Last winter, I decided to find out how a snowflake forms. So fantastical, when immersed in a cloud of bright gray, to suddenly notice a single crystal, and then another, and see how the two are so alike and yet not at all the same. A snowflake, as it turns out, is a mineral. It builds itself around a particle of dust or pollen. When water vapor collects around the particle, and freezes, that combination makes an ice crystal. The process continues as the snowflake falls, and the freezing sequence, always hexagonal, repeats, making the snowflake larger and larger. Each snowflake is similarly shaped and formed but ‒ since each descends through a slightly different atmosphere ‒ is distinct. Each snowflake comes from the grit of some spent place or being, and grows into a new beauty.
This winter, after the second snowfall of the season, I read again about snowflake formation; and I’m struck by a more extensive marveling. It seems to me all creatures are comparably formed. We are as basically, exceptionally shaped. Each species grows in a like manner. As humans that means we become our basic body of head, arms, torso, and legs. Due, however, to variances in the dust and pollen that started the process, and to the variety of ways we each travel into being through a singular atmosphere, every one of a species is unique.
On Earth, all humans look like humans, but no human looks just like any other human. I’m curious, then, why the concept that every snowflake is singular, unrepeatable, so fascinates and floors us. We, also, together, appear similar, but from individual to individual, we differ. We collect, and accumulate, and cover; and we disappear. Something, though, of each of us stays in the atmosphere. What we made or said or how we made others feel; some source remains as dust or pollen and begins forming something else ‒ a movement, a tradition, a motivation, a thought ‒ as markedly different from any other crystal of creation.

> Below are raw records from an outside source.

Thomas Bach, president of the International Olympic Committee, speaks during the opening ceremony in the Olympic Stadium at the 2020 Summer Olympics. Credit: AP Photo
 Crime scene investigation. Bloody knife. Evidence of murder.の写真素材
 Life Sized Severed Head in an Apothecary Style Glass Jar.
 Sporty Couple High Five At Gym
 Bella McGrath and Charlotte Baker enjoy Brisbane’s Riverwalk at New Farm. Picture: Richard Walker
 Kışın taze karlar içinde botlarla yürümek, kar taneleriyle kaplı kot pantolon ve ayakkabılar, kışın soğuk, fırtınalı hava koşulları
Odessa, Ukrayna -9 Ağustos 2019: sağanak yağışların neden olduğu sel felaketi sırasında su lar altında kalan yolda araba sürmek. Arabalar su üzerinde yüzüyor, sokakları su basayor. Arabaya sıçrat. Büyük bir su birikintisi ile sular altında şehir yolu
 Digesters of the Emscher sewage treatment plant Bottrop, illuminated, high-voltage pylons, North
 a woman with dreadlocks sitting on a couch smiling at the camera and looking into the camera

For years, I’ve been troubled by the snow ‒ not the snow itself but the sometimes dangerous, shooting ache of cold that accompanies it ‒ and how snowfall seems to mute sound, and dampen light, and with method hide living things. How most creatures exposed to long episodes of snow survive by being dormant. I have enjoyed the novelty of a snowfall and the way, during one, the world both rushes outside and tucks itself in. And I’ve appreciated an obvious peace in the world around me ‒ whole and unified under the wrap of snow. But that serenity, what I perceived as a lack of vitality, somehow down deep saddened me. Today, four decades into life, snow has shown me something new. Snowflakes are revival, regeneration, earthly stardust. Snowflakes are life crystals.